Reversão da bariátrica: curitibana conta mudança de vida
Dressey descreve que a relação conflituosa com o corpo começou na infância. Filha de um pai fisiculturista e de uma mãe com obesidade, cresceu entre conselhos rigorosos sobre dieta e a insatisfação materna com a balança. O ambiente familiar, segundo a psicóloga Teresa Muller, especializada em transtornos alimentares, pode servir de modelo negativo e levar filhos a internalizar padrões disfuncionais — avaliação respaldada por estudos citados pelo Ministério da Saúde (gov.br).
Alvo de bullying na escola, a cabeleireira buscou a lipoaspiração aos 16 anos, mas a frustração com a própria imagem persistiu. Na primeira consulta para a bariátrica, pesava 88 quilos e foi informada de que não se enquadrava nos critérios clínicos. Ouviu então a orientação para engordar 20 quilos e, motivada pela ansiedade, chegou ao peso solicitado.
Após o bypass gástrico, vieram náuseas constantes, síndrome de dumping, diarreia crônica e perda de cabelo. “A bariátrica operou o estômago, não a cabeça”, afirma. O quadro evoluiu para depressão, agravada pelo fim de um relacionamento conturbado.
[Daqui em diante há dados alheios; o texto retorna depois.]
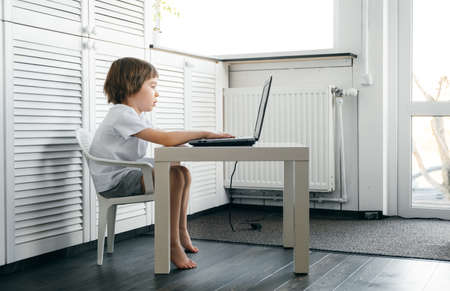 Boy sits at the table, uses laptop, typing on a keyboard, looks at the screen. Child does homework...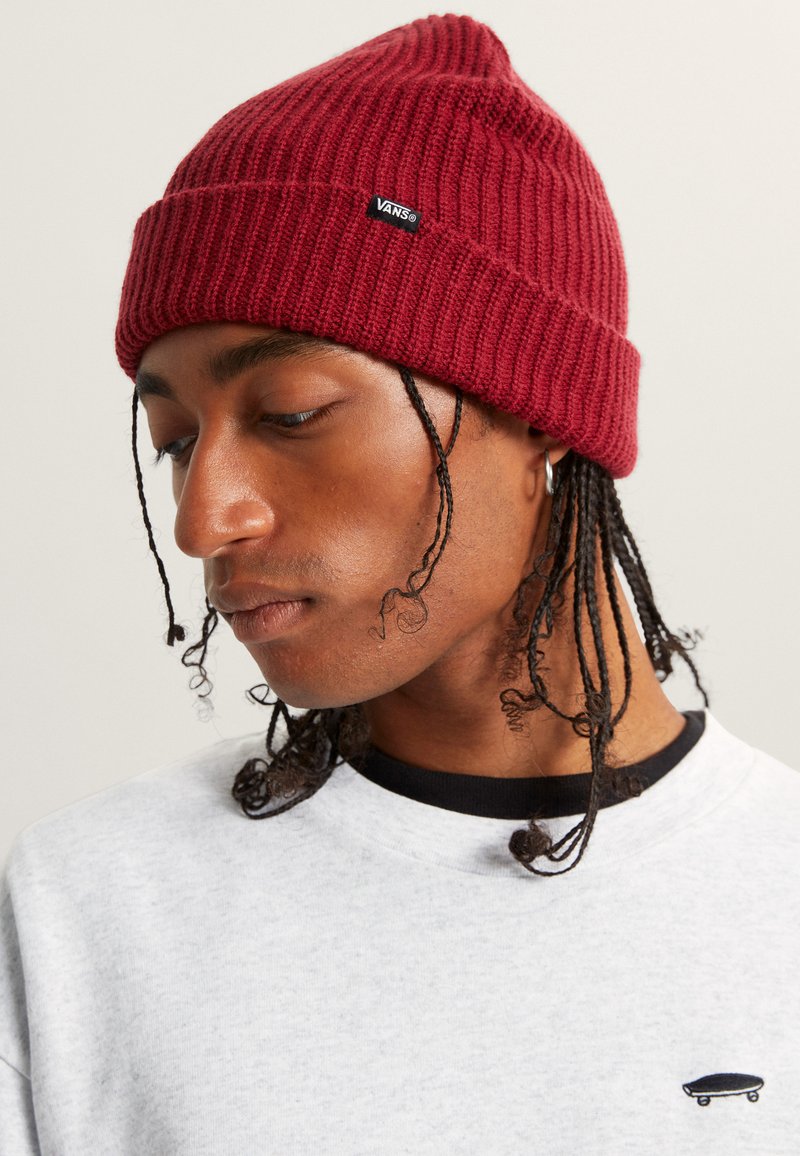 Red ribbed knit beanie with a pointed top and small black Vans logo tag. Model wears a light gray sweatshirt with dark neckline.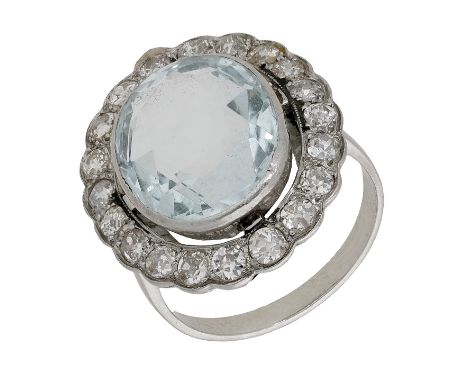 An aquamarine and diamond cluster ring, the oval-cut aquamarine set within a surround of old brilliant-cut diamonds, total di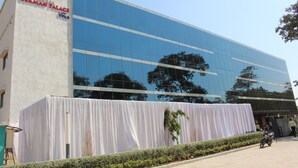 A modern hotel with a glass facade and a white curtain covering the entrance. - Hotel German Palace (Gandhinagar)
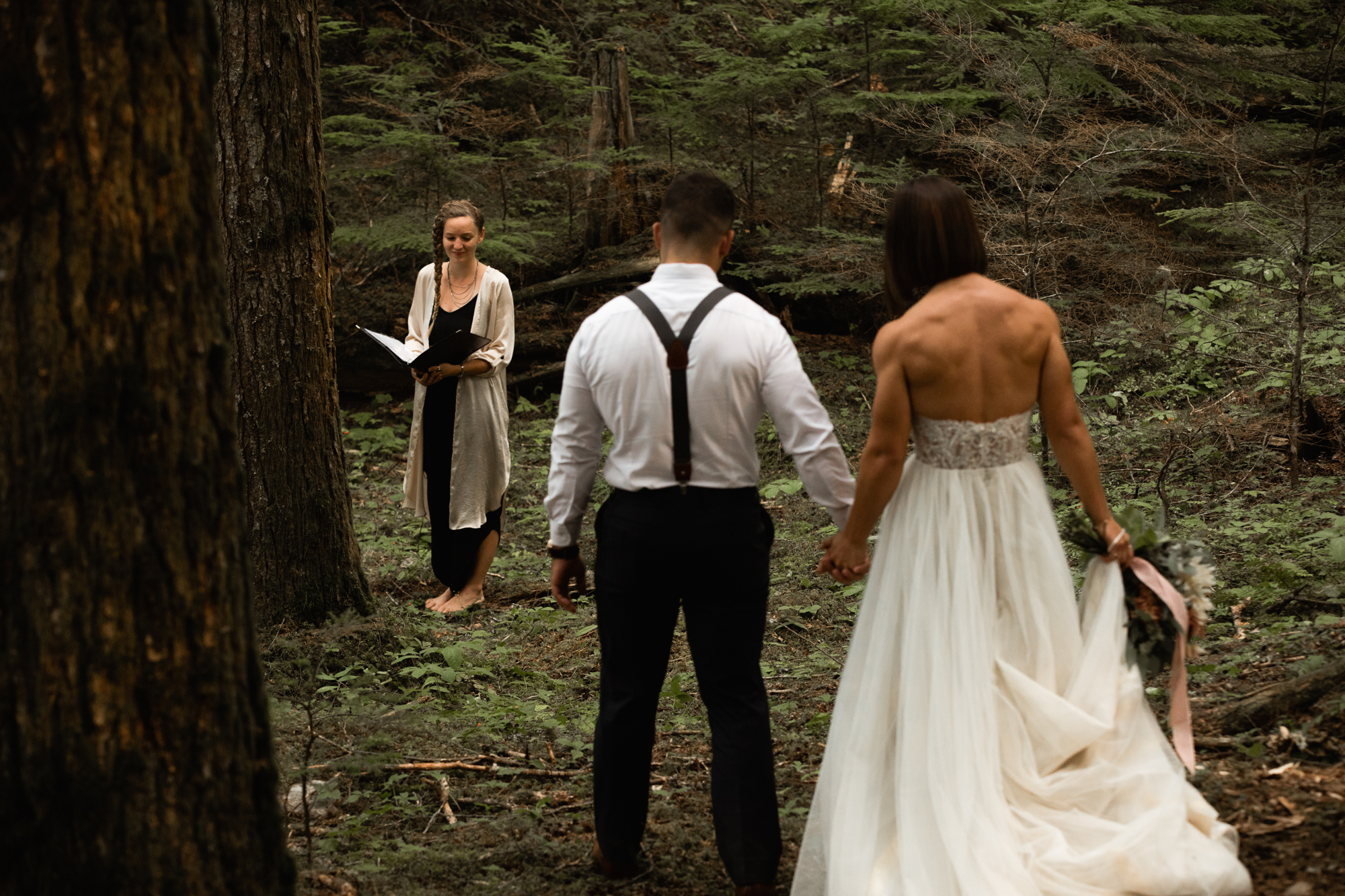 bride and groom walking to elopement ceremony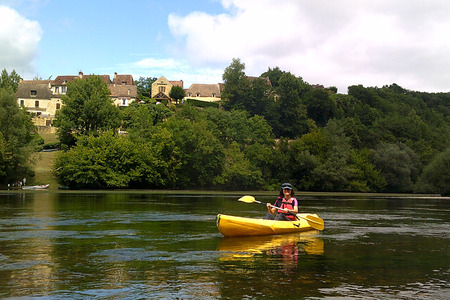 girl in a yellow canoe in the river, having funの写真素材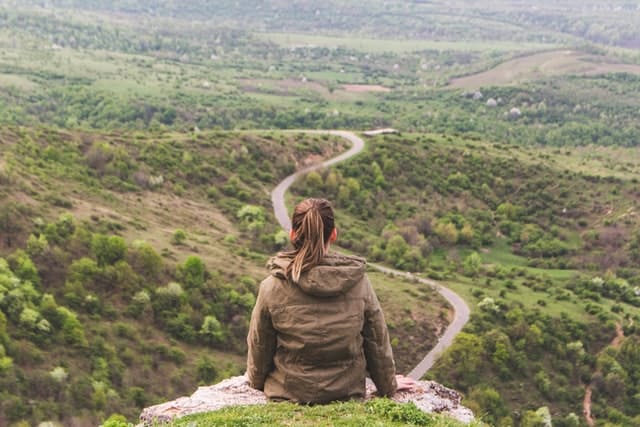 A woman sitting on a cliff's edge overlooking a curving road, symbolic of starting a new journey.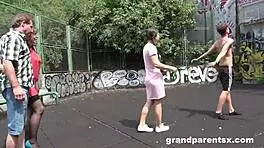 Elderly Couple Picks Up Teen On Basketball Court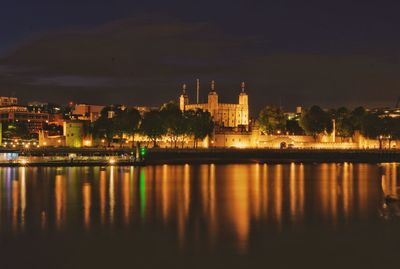 Illuminated buildings by lake against sky at night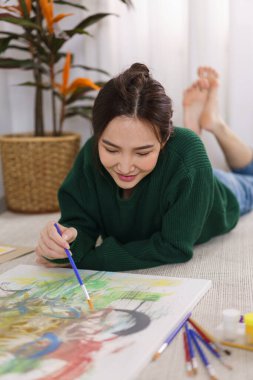 Sanat konsepti, genç Asyalı kadın yerde yatıyor ve sanat şaheserini resmetmeye çalışıyor..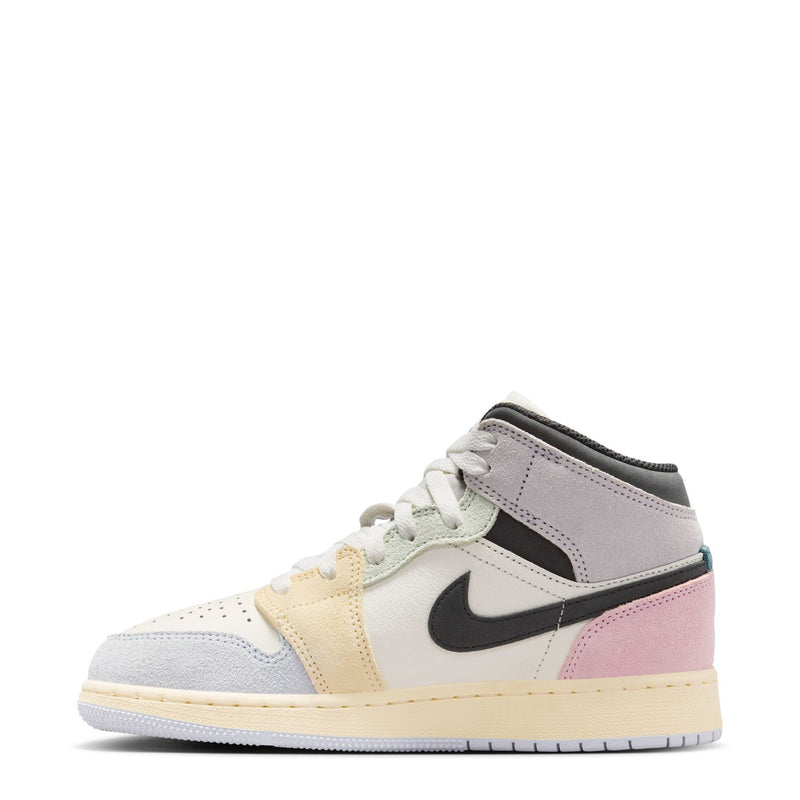 Air Jordan 1 Mid youth sneaker side view in white with black Swoosh and pink panel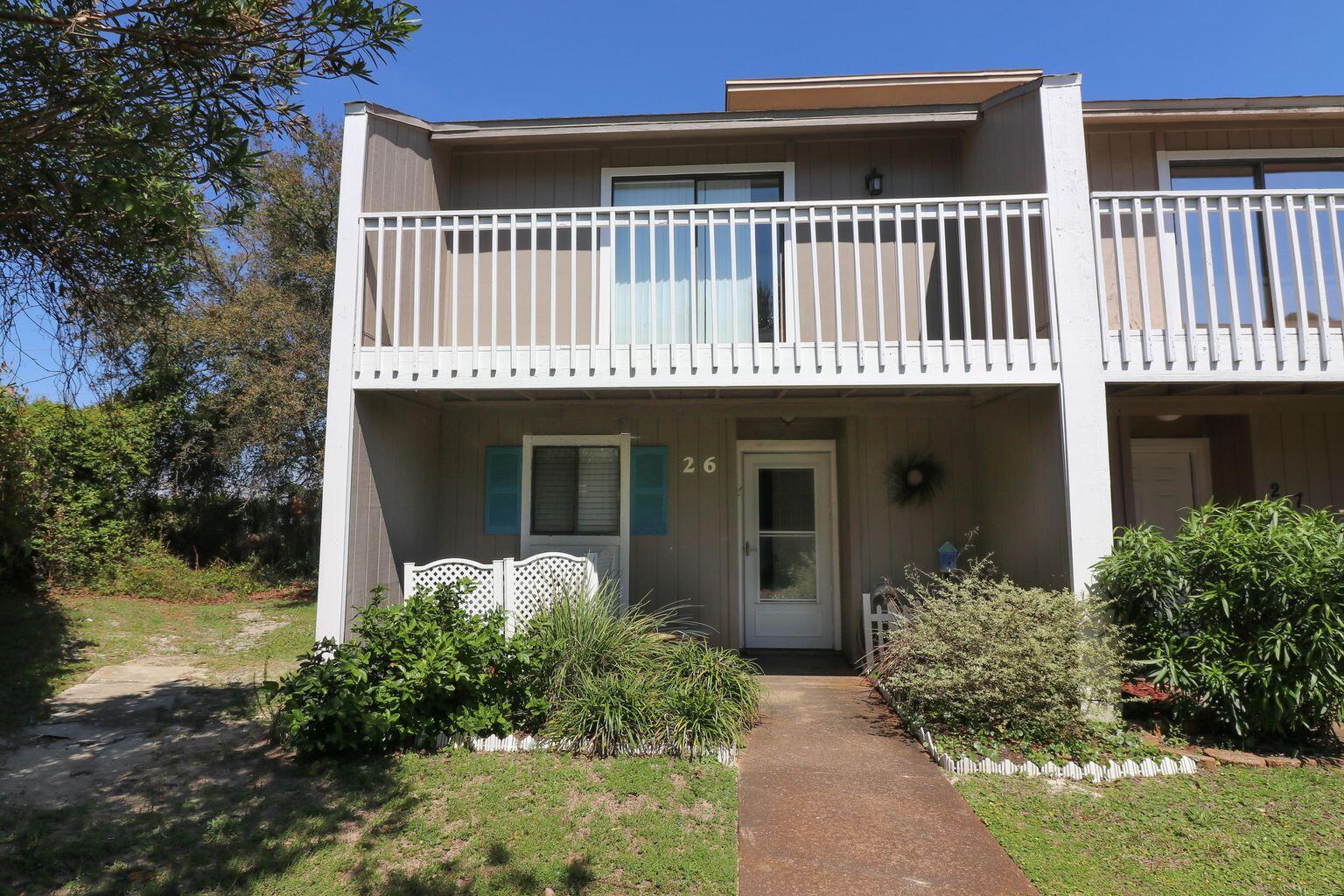 26 Court Destin, Unit 26 Destin, FL 32541 - Photo 1 of 14 front view of a house with a yard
Nove anos depois, com acompanhamento psicológico e espiritualidade fortalecida, a paranaense procurou um cirurgião disposto a realizar a reversão, coberta pelo convênio. Submetida novamente às dietas de transição, ela relata que, quatro meses após a cirurgia, voltou a comer de tudo, sem complicações intestinais, e considera a decisão “a melhor da minha vida”.
A especialista Teresa Muller alerta: comentários negativos dos pais sobre o corpo dos filhos ou pressão para emagrecer podem desencadear transtornos como anorexia, bulimia, ansiedade e depressão. Já o Ministério da Saúde reforça que a cirurgia bariátrica deve ser indicada apenas em casos de obesidade grave, aliada a tratamento multiprofissional.
Imagem: AdobeStock
Para quem busca ajuda, psicoterapia, acompanhamento nutricional e avaliação médica são passos essenciais antes de optar por qualquer procedimento invasivo. Dressey reforça: “Hoje entendo que autoestima não se opera”.
Esta história ressalta a importância de critérios médicos rigorosos, suporte emocional e informação de qualidade antes de decisões drásticas sobre o corpo.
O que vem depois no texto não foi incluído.